75° ANNIVERSARIO ECCIDIO DI VILLAMARZANA

La Parola che abbiamo ascoltato ci porta un messaggio di pace e di fraternità
13-10-2019

La Parola che abbiamo ascoltato ci porta un messaggio di pace e di fraternità. Dio non fa differenza di razza e di nazionalità, ma ogni uomo può essere salvato da Lui grazie alla fede. È interessante vedere come già nell’Antico Testamento, il Dio che ha stretto un’Alleanza con Israele è un Dio che vuole la salvezza di tutti gli uomini, a prescindere dalla loro razza o nazionalità. Significativo a questo proposito è l’episodio della guarigione del generale dell’esercito del re di Aram, dunque uno straniero e pagano, che riconosce il Dio di Israele come l’unico Dio: «Ora so che non c’è Dio su tutta la terra se non in Israele». Nel Nuovo Testamento risalta ancora più chiaramente la chiamata universale alla salvezza in Gesù Cristo. Colpisce come i Vangeli mettano in evidenza, talvolta anche con un sottile umorismo, la fede dei pagani, degli stranieri: nell’episodio dei dieci lebbrosi guariti, l’unico a tornare da Gesù dopo la guarigione è un samaritano. Gesù evidenzia questo particolare: «Non si è trovato nessuno che tornasse indietro a rendere gloria a Dio, all’infuori di questo straniero».

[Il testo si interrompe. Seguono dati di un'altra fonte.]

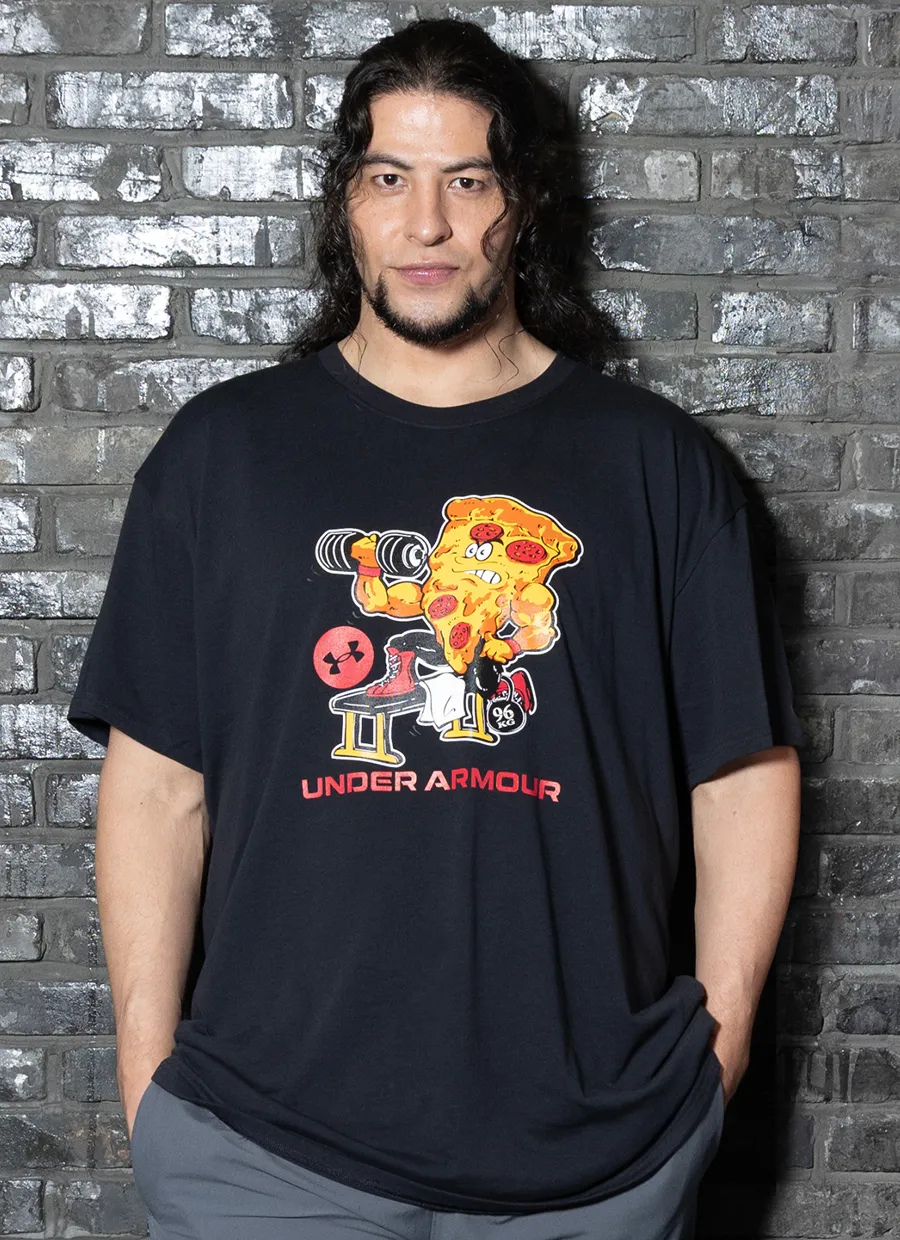 UA HW PIZZA SS TEE 着用イメージ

L’universalismo è un dato intrinseco della rivelazione ebraico-cristiana: un uso della religione per discriminare gruppi e popoli contraddice radicalmente l’immagine di Dio che la Bibbia ci presenta. Da questa visione di Dio nasce la fraternità tra gli uomini e l’impegno per tutti i credenti di operare per la riconciliazione e la pace.

Ricordare, come facciamo oggi, gli orrori della guerra ci spinge a lavorare per una umanità riconciliata. Non possiamo infatti illuderci che la pace sia garantita, neppure nel nostro paese dove l’esperienza vissuta della guerra è limitata a pochi anziani ed è estranea. – per nostra fortuna – alle generazioni più giovani. Per noi nati e cresciuti in tempo di pace può sembrare di essere immuni dalla guerra: troppo grande l’orrore per non ritenerlo un’assurdità che non può ripetersi.

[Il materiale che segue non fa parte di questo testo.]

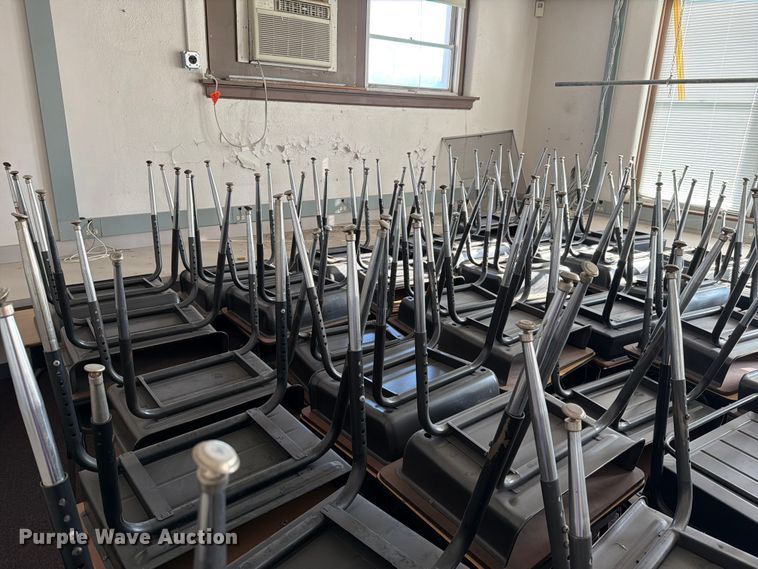 image for item NF9743 Approximately 123 desks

Commemorare come facciamo quest’oggi, una strage di persone innocenti vittime di una rappresaglia, è importante per tenere viva la coscienza di un pericolo che è sempre in agguato: la radice del male e dell’orrore è infatti nel cuore dell’uomo e se non ci preoccupiamo di guarire il cuore con un’autentica conversione a Dio e all’uomo gli orrori del passato possono ritornare. Del resto non possiamo non essere preoccupati per la tendenza, a fronte di una sempre maggiore integrazione di tutta l’umanità, a una progressiva chiusura tra un popolo e un altro popolo, tra gruppi sociali e religiosi, tra ricchi e poveri. La stessa vita sociale è segnata da un deterioramento dei rapporti sociali e politici: l’avversario politico diventa nemico, il linguaggio del dibattito pubblico diventa sempre più violento e aggressivo giustificando comportamenti poco rispettosi della dignità delle persone. La religione stessa viene strumentalizzata per sostenere visioni nazionaliste e per mettere l’uno contro l’altro.

Non dobbiamo però disperare: riprendendo le espressioni della 2a lettura dobbiamo credere che la Parola di Dio non è incatenata e continua a interpellare le coscienze degli uomini di buona volontà per guidarli al rispetto e alla promozione della dignità di tutti gli uomini e di tutto l’uomo.

Mentre preghiamo per le vittime delle stragi del passato, in particolare dell’eccidio che si è compiuto 75 anni fa qui a Villamarzana, chiediamo al Signore di aiutarci ad essere costruttori di pace per questo nostro mondo inquieto e smarrito.